Local Cheeses: Beaufort, Beaumont, Raclette, Tomme de Savoie, Tome de Bauges, Tomme de Chevre, Reblochon, Emental, Chevroten, Abondance, Savoie Gruyère

Local Fish (lake and river): Ferra, brown and rainbow trout. 

Local grape varieties, white:  Jacquère, Altesse [al-tess] (aka Roussette), Roussanne, Chasselas, Gringet. Red: Mondeuse and Persan.

Better and Less Meat

As discussed it is important to focus on using meat that has been produced with high welfare standards. In France the best indications of this are through two labeling schemes:

The carbon footprint for each type of meat differs significantly. We should take this into account when designing our menus.

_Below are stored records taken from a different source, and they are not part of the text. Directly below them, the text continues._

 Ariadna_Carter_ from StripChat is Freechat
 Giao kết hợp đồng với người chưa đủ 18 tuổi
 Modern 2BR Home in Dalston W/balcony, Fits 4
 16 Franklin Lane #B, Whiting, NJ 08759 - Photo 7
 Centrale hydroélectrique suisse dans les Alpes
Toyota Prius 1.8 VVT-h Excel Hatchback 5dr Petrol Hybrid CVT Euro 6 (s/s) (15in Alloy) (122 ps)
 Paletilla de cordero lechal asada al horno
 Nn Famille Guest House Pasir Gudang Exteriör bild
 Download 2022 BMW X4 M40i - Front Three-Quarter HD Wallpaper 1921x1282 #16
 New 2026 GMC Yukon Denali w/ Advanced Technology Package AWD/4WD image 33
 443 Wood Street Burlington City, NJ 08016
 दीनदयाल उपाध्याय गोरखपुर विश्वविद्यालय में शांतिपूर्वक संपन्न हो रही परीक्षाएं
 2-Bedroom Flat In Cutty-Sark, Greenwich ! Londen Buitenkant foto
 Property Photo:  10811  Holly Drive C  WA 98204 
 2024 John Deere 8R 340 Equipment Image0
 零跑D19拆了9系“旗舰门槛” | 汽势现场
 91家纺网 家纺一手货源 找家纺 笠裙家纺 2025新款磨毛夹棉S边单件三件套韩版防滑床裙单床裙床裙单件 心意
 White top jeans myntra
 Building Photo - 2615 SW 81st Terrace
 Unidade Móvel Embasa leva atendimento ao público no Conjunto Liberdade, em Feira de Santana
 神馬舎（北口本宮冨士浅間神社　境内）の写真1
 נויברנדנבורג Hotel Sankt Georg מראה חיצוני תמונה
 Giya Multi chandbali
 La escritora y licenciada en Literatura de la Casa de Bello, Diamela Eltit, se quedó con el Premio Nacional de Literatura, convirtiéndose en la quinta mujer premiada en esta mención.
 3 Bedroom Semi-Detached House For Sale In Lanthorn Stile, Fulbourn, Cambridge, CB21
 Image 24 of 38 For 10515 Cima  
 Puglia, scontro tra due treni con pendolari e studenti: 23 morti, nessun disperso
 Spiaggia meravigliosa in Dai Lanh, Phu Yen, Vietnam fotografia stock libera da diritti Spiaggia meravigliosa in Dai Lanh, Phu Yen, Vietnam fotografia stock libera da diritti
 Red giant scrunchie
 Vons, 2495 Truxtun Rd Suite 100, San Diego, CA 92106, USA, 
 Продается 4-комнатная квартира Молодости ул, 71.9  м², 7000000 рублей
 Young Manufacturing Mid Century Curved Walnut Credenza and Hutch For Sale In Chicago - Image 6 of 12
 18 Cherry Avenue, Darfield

Prioritising meat with the least environmental impact:

Carbon dioxide emissions resulting from livestock production, provides a means of identifying types of meat that has the smallest environmental impacts:

  • Beef  300 kg CO2-eq per kilogram of protein produced
  • Small ruminants (sheep and goat etc) 165
  • Pork, chicken and other poultry)are below 100 CO2-eq/kg

This shows that beef produces the most CO2, almost double that of lamb and two thirds more than chicken and pork.

Example Vegetarian Chalet Menu

Day One

Sous vide poached egg, mushrooms, jerusalem artichoke crisp, watercress

Charred squash, barley and pea risotto, sage pesto, leafs, honeyed walnuts

Chocolate fondant, Cherry ice cream, cocoa nibs, white chocolate

Day Two

Beetroot with three types of local goats cheese: mousse, Tomme and crostini

Wild mushroom and polenta fritters, escalivada, salad, mint, pickled raisins, toasted almonds

Caramelised apple tart, elderflower sorbet, walnuts and apple crisp

Day Three

Saffron cauliflower soup, toasted hazelnuts and chive oil

Falafel, fennel, pistachio and orange salad, beet-hummus, feta and toasted pita

Vanilla pannacotta, rhubarb and crystallised ginger

Day Four

Fennel, orange, quinoa and endive salad

Savoy cabbage leaves stuffed with potato, chestnuts, spring onions and Gruyère. Lentil cassoulet and tarragon emulsion

Deconstructed Vegan Eton Mess, with meringue, sorbet, berries and mint.

Day Five

Asparagus three ways: Arinchine, velouté and powdered

Pine and juniper infused cauliflower steak, dukkah, rocket pesto, cherry tomato vinaigrette and sheep’s curd.

Tonka bean cheesecake, honey oat crumb, wild blueberries .

Day Six

Charred Broccoli, ash goats cheese, quince terrine/rosehip paste, hazelnuts


Root vegetable tarte tatin, pea puree, pickled radishes and pistachios 


Dark chocolate sphere, yogurt foam, berries, butterscotch sauce.